When sound enters the ear canal, it vibrates the tympanic membrane, or eardrum. These vibrations are passed through the inner ear via three small bones called ossicles: the malleus, the incus, and the stapes. Finally, vibrations of the stapes stimulate the movement of a fluid called perilymph within the bony labyrinth of the inner ear.
Perilymph fills the both the vestibular and tympanic ducts of the cochlea. Between these two channels lies the cochlear duct, which is home to the organ of Corti. There, the soundinduced movement of perilymph in the cochlea is translated to an electrical signal that is sent to the brain for processing.

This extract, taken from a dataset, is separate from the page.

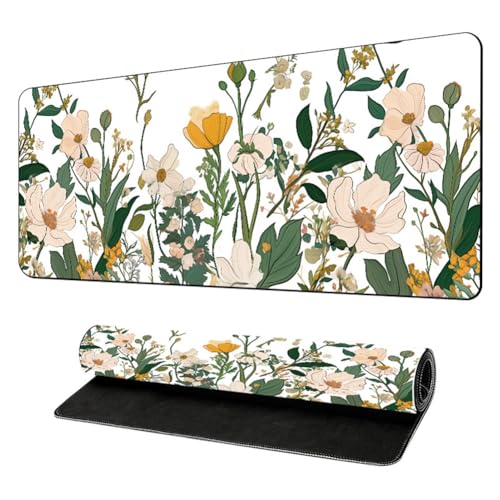 Highdi Anti-Rutsch Gaming Mauspad 3D Grüne Blätter Groß Mousepad mit Genähten Kanten Schreibtischunterlage Desk Mat für Büro, Tastatur, PC, Laptop (Nordische Blumen,300 * 800 * 2mm) von Highdi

An electrical signal is generated by inner hair cells that sit above the basilar membrane, which separates the cochlear duct from the tympanic duct. As the basilar membrane vibrates in response to fluid movement, it pushes the hair cells along another membrane, known as the tectorial membrane, which shifts laterally to bend projections at the tips of the cells, called stereocilia.

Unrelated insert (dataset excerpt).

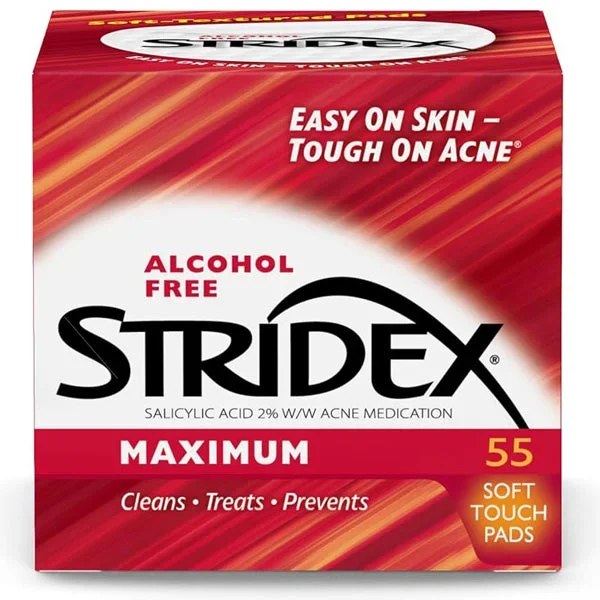Stridex Alcohol-free Maximum Strength Acne Pads, 55 Count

The bending of the stereocilia results in the depolarization of the inner hair cell and initiates a nerve impulse through the spiral ganglion neuron at the base of the cell. A series of outer hair cells serves to mechanically amplify the vibrations that trigger the inner hair cells to fire. High-frequency sounds stimulate hair cells at the base of the cochlea, while low-frequency sounds stimulate hair cells at the apex.